Me & White Supremacy

What I’ve learned so far about White Supremacy is that it applies to and includes me. That seems so obvious when I write it down, but it certainly was not obvious to me before so I needed to write it down and remember it.

I am a product of white supremacy and a bigger part of upholding it than I am of disrupting and dismantling it. I’ve learned how hard it is to see this and how scary and disorienting it is to own my complicity. I’ve learned how my initial reaction is to defend myself against what feels triggering, take issue with things that don’t feel right and withdraw when my feelings get hurt. I see how my reactive and avoidant behavior is a huge part of why my racism and white supremacy prevail because I center myself and my feelings instead getting curious about what those experiencing racism and being forced to contend with white supremacy know to be true from their lived experiences.

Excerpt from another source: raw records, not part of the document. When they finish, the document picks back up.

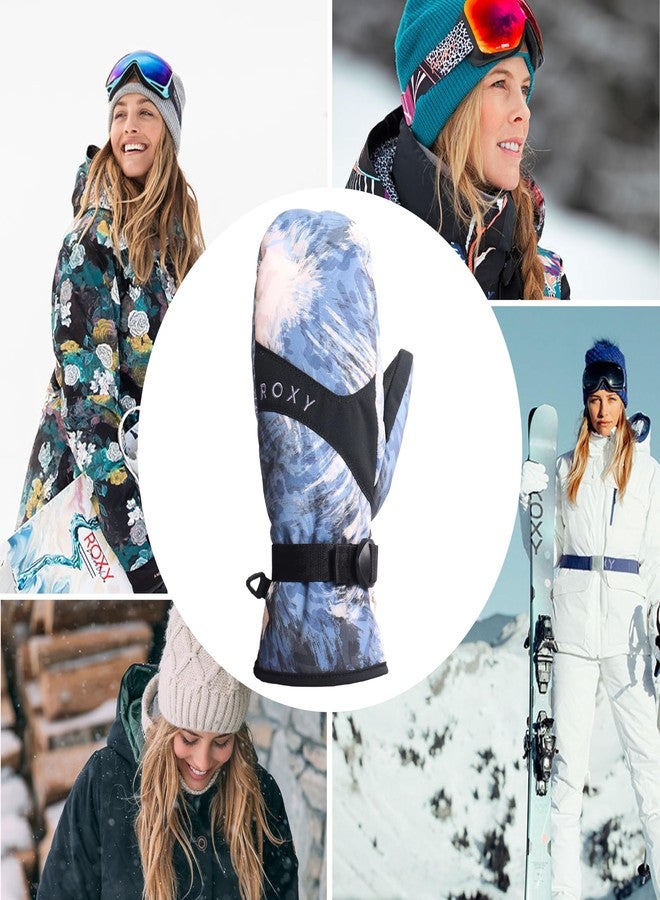 Roxy Women's Jetty Snowboard/Ski Mittens - Waterproof, Touchscreen Technology, Adjustable Wrist Straps, Wild Wind Darknight, Medium - Image 5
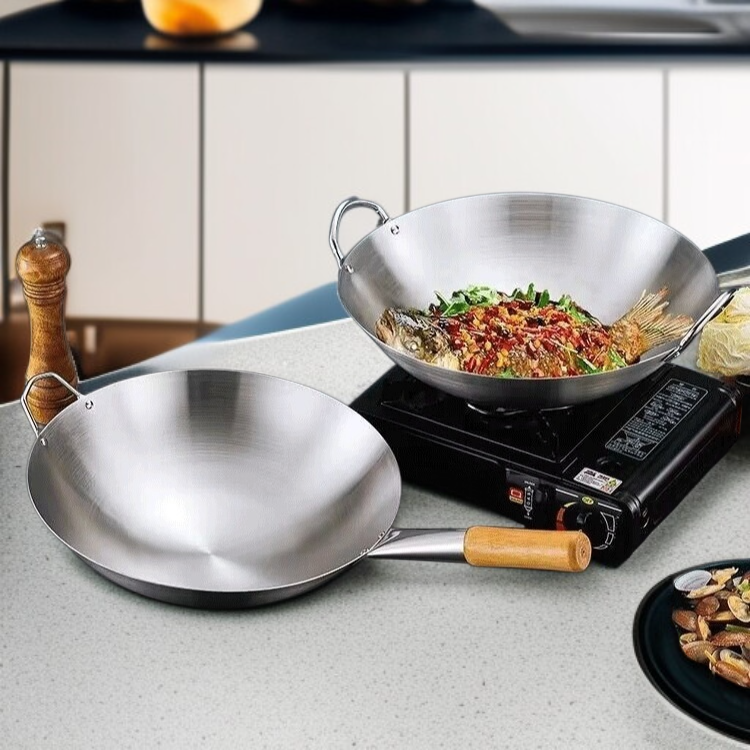 Thickened Stainless Steel Frying Pan for Hotel Kitchen Use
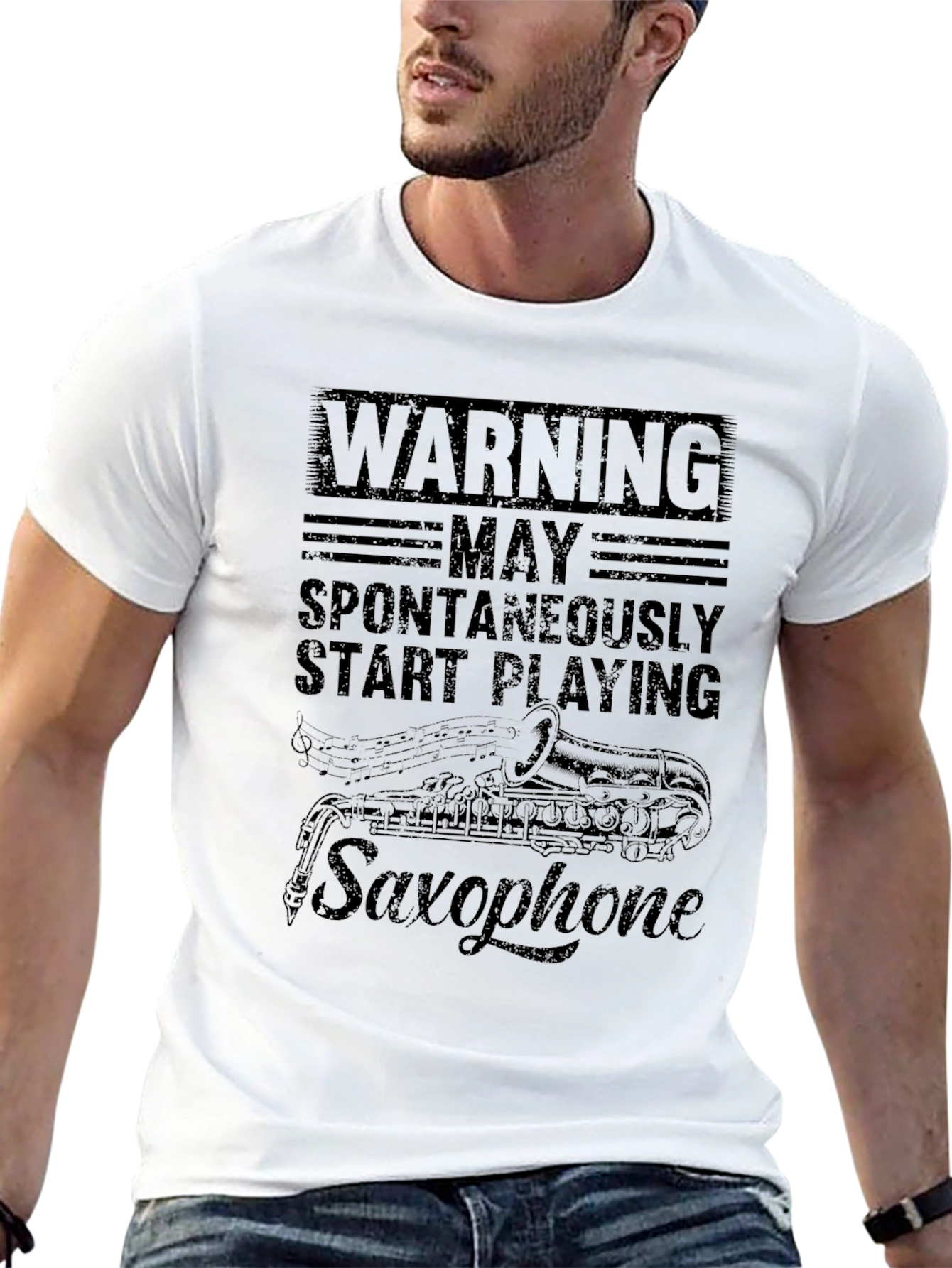 Warning Saxophone Player Graphic Tee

White Privilege allows me to choose when to participate in these discussions, but when I do, unless I’m ready to show up to listen, research and work to understand what is being said to me and then sit in it…I’m still complicit. As a privileged white woman I benefit from and am catered to by many/all of our cultural, societal and structural systems. I’ve grown up expecting and normalizing this instead of seeing the my role in racial inequality how it directly effects the lives and well-being of people of color.

I’ve learned there are myriad ways I am harming, frustrating and exasperating Black Indigenous People of Color with my unconscious racism and unchecked white privilege. It has been hard for me to stay focused on learning about my own problematic racist behavior because I’ve invested so much into my persona as a loving, kind, helpful, peaceful woman. Seeing the oppressor in myself is sobering.

Acknowledging my racism doesn’t fit comfortably into the ways I like to think about myself. It’s been destructive to my core beliefs and I’ve felt shaken, but I’ve learned that this is what needs to happen for me to see how I’m actively and passively part of a system that is dehumanizing and destructive to people of color.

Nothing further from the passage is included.